### Task to carry out
Scan the data below and pick out the lines containing the word "Pink".

### Information supplied
::::::

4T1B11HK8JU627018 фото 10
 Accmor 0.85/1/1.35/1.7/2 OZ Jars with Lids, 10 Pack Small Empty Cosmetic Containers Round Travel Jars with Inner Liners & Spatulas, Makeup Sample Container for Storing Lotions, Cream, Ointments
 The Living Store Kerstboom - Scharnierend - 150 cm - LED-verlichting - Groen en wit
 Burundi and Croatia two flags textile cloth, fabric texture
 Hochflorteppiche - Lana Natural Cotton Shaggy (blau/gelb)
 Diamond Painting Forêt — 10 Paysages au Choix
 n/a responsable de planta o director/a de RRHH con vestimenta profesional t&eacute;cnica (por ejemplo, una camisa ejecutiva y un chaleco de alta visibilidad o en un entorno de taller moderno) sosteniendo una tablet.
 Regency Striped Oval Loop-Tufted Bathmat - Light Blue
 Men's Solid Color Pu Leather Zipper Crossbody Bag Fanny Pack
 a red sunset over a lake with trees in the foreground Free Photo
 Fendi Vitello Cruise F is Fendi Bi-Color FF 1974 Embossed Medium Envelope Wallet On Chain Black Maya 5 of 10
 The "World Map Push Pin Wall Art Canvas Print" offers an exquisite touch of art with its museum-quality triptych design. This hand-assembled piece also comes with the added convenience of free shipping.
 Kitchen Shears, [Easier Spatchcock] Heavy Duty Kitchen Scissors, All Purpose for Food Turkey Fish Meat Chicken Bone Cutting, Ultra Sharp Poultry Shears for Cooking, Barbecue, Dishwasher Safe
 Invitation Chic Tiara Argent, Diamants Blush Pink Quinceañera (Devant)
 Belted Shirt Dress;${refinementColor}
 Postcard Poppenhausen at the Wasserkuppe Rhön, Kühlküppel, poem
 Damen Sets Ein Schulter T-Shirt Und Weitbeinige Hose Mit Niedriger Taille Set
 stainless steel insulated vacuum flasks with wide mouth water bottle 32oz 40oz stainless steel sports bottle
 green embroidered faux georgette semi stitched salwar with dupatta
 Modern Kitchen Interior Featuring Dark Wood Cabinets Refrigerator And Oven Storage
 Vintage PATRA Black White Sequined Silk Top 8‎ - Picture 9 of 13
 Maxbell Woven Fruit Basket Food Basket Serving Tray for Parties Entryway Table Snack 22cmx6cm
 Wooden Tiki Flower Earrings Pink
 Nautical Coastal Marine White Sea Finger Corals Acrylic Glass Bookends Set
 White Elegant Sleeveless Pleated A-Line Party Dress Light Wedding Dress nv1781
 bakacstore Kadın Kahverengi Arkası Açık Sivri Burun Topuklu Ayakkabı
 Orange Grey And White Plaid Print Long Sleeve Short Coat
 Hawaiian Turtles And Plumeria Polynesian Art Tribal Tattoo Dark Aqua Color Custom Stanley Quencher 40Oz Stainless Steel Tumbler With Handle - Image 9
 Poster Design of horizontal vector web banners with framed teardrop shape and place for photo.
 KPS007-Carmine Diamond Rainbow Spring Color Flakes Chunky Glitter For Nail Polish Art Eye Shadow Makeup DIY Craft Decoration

::::::

### Answer to this task
 Invitation Chic Tiara Argent, Diamants Blush Pink Quinceañera (Devant)
 Wooden Tiki Flower Earrings Pink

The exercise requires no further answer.